• **PROBLEM TO WORK ON**:
A verbatim transcript of the data that follows, free of images, is the expected result.

• **DATASET EXTRACT**:
______________________________

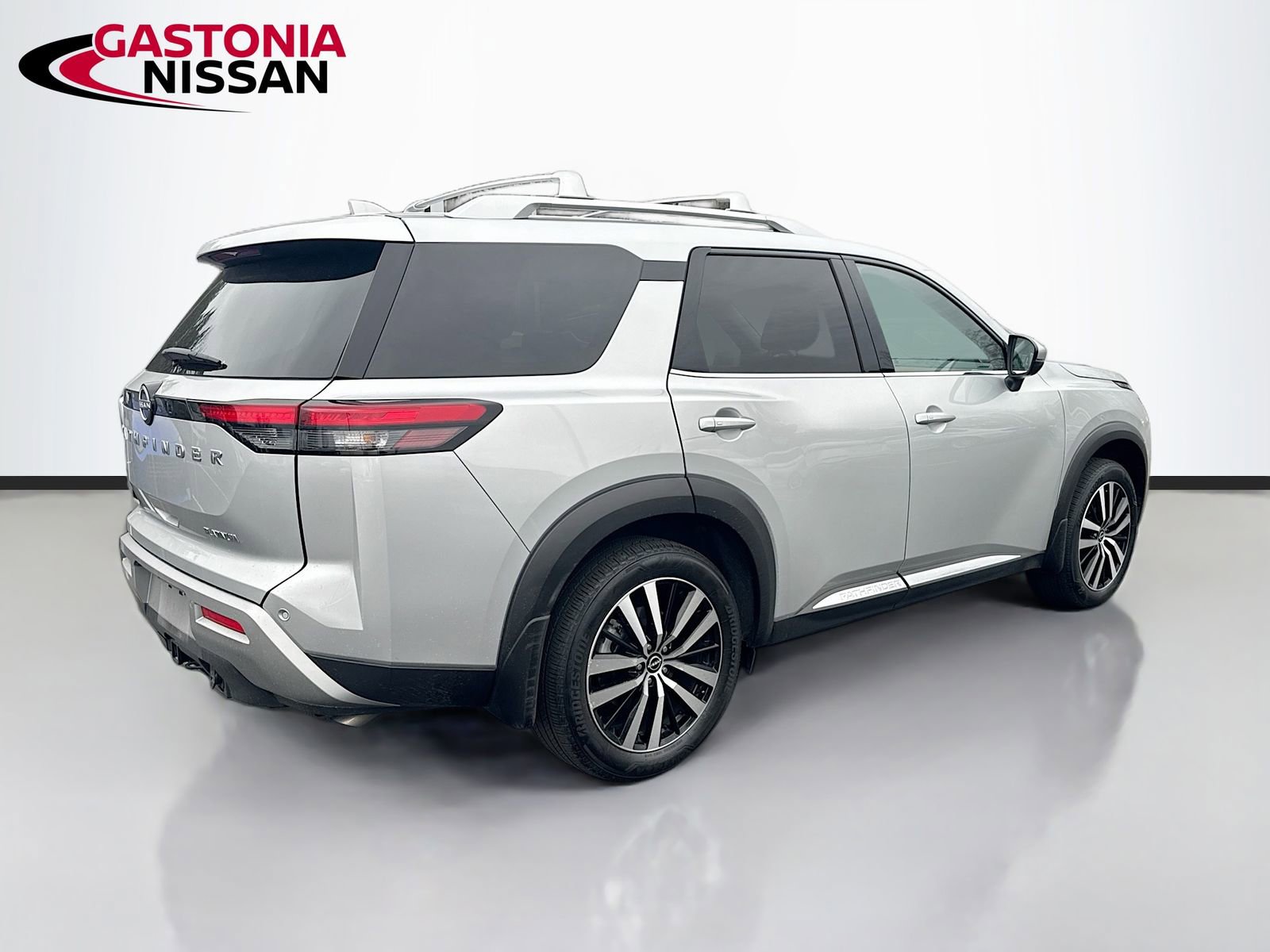 Used 2025 Nissan Pathfinder Platinum w/ Cargo Package image 9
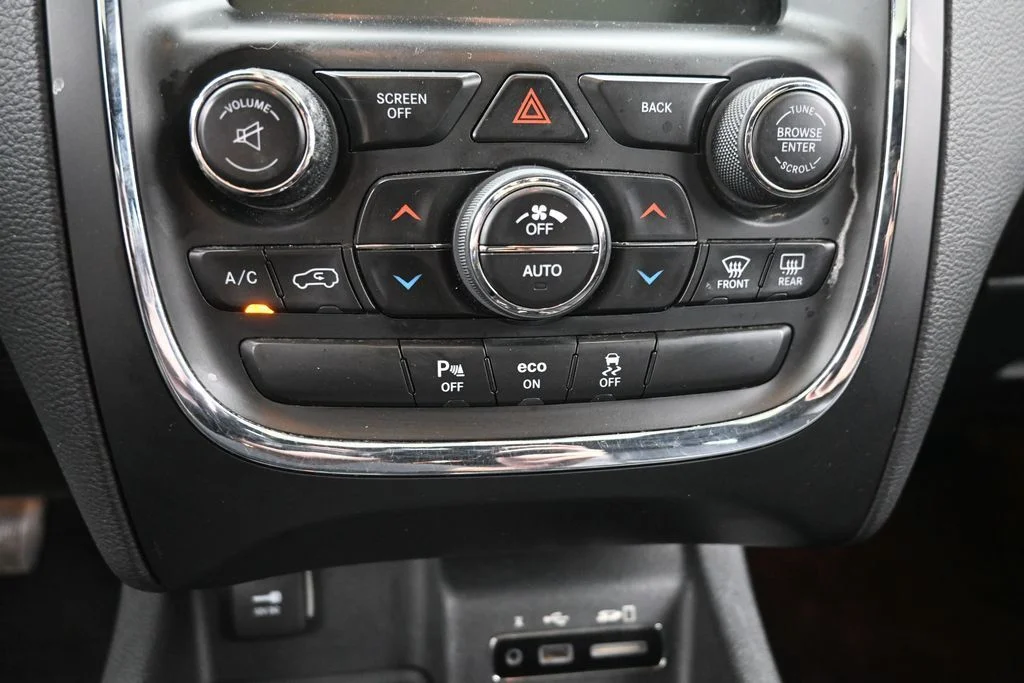 Used 2015 Black Dodge Limited image 22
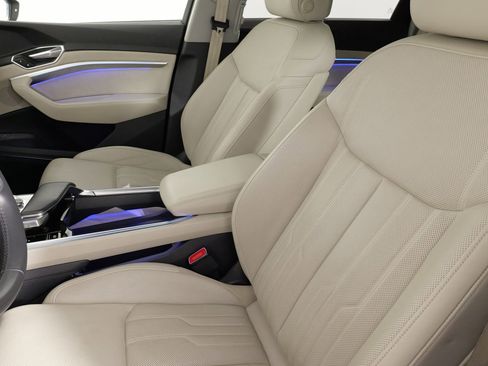 Used 2019 Audi e-tron Prestige w/ Prestige Package image 31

______________________________

• **EXERCISE OUTPUT**:
 Used 2025 Nissan Pathfinder Platinum w/ Cargo Package image 9
 Used 2015 Black Dodge Limited image 22
 Used 2019 Audi e-tron Prestige w/ Prestige Package image 31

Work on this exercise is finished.